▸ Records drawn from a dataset
:::::

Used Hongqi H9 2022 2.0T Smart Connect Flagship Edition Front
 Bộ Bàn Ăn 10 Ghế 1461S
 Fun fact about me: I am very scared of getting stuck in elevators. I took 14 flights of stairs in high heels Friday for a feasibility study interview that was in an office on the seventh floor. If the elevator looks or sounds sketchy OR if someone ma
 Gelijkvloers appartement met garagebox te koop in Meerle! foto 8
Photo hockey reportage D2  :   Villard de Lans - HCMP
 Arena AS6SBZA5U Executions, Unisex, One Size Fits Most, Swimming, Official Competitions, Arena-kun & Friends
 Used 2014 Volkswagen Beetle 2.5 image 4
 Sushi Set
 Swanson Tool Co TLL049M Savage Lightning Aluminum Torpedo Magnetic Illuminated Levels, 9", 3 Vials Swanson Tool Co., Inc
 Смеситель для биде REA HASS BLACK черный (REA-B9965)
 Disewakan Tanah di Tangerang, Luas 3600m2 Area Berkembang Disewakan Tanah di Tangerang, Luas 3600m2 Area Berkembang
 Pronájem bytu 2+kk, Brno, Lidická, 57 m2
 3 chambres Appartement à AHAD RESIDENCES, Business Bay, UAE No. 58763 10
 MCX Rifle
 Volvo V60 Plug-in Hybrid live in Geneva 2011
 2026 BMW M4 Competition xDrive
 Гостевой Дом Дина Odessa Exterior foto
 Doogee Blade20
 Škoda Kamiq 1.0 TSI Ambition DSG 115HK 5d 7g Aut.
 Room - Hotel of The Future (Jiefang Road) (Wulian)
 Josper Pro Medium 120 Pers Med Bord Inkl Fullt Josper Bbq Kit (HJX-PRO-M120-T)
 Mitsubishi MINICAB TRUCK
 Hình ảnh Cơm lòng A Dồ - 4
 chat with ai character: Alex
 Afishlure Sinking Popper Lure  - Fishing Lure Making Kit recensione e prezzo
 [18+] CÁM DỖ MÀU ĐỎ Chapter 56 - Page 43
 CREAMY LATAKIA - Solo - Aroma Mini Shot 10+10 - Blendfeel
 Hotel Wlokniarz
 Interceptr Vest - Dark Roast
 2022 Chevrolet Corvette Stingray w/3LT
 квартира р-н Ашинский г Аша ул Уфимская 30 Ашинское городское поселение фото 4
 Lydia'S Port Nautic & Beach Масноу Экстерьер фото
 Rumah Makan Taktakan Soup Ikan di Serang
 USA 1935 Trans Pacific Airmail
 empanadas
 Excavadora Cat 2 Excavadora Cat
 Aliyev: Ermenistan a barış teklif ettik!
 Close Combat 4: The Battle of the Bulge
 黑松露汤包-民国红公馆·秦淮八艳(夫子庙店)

:::::

▸ WORK REQUIRED
Each line from the one containing "Interceptr Vest - Dark Roast" to the end of the records should be echoed exactly, and no other line.

▸ YOUR SOLUTION
 Interceptr Vest - Dark Roast
 2022 Chevrolet Corvette Stingray w/3LT
 квартира р-н Ашинский г Аша ул Уфимская 30 Ашинское городское поселение фото 4
 Lydia'S Port Nautic & Beach Масноу Экстерьер фото
 Rumah Makan Taktakan Soup Ikan di Serang
 USA 1935 Trans Pacific Airmail
 empanadas
 Excavadora Cat 2 Excavadora Cat
 Aliyev: Ermenistan a barış teklif ettik!
 Close Combat 4: The Battle of the Bulge
 黑松露汤包-民国红公馆·秦淮八艳(夫子庙店)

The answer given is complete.